The dollar index held on to the previous week’s lows on a closing basis (although the lows were briefly taken out intra-day on Tuesday) and this formed a platform for a decent push higher as the market remains above the February low and also above the 200 day MA. The long term trend is still up but the market is currently in the middle of the range that spans from the lows at 7842 and the local top at 8116 (June contract).

The British Pound fell just short of giving a confirmed change of trend to up and reversed this week to remain in the box range that has been in place for quite some time. The long term trend therefore remains down and the market is currently sitting almost exactly on the 200 day MA, which may provide some support.

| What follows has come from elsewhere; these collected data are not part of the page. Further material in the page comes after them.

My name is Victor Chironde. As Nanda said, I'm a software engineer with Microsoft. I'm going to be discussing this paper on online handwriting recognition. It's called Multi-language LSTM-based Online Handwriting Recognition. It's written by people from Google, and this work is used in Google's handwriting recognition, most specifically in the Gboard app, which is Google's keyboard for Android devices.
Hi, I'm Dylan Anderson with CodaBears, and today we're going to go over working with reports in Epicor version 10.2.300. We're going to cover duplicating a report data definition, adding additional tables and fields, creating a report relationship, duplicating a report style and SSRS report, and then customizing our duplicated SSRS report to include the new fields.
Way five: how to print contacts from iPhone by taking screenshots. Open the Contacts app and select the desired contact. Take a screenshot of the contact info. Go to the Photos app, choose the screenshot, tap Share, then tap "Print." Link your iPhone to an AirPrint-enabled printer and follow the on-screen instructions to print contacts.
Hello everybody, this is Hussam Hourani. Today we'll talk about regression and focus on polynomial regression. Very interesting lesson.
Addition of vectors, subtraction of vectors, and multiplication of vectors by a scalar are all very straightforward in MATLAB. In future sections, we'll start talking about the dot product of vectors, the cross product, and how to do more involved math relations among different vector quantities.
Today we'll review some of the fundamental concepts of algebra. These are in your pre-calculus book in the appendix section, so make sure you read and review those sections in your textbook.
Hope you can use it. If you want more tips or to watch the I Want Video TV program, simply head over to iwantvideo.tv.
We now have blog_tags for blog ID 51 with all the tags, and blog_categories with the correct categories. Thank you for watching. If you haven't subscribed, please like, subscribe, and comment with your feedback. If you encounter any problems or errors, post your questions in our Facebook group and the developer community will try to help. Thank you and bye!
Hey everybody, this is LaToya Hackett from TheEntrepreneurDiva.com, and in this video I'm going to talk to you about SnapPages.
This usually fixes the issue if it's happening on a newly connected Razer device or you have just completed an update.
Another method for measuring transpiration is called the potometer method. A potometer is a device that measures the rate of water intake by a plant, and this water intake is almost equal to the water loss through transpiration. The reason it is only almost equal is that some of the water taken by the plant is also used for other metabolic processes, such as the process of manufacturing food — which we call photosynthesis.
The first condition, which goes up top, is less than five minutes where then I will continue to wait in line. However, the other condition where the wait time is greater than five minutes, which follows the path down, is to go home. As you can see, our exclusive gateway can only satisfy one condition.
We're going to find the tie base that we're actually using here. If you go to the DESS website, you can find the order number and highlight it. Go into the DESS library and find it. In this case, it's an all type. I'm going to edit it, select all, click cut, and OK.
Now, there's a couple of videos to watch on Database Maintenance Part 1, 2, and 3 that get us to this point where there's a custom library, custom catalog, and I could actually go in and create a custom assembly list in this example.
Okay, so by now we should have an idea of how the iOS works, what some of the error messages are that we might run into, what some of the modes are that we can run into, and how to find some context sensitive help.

The Euro was unable to clear $1.34 resistance and this failure led to a move down back towards $1.30, a level that will likely be tested this week. A break of $1.30 would likely see a test of the February lows and failure there may op en the way for a move further down towards $1.2640. The trend remains down.

Interest rate futures

The morning star reversal patterns that formed in the interest rate futures sector 3 weeks ago have proven to be a strong reversal, as they often are, and the 5 & 10 year T notes as well as the 30 year Bonds have continued to advance higher and the long term uptrend which narrowly stayed in place looks to be getting back on track. We may yet see a continuation higher towards the highs of the year.

However, as we wrote last week, should the market eventually break the low of the morning star pattern, which is now a key support area, there could be some large moves lower as such a move would not only break that pattern but also change the long term trend to down.

Kind Regards

Robert Stewart

* Results are the outcome of backtesting and are hypothetical since not all trades were taken. Future results may be higher or lower than past results.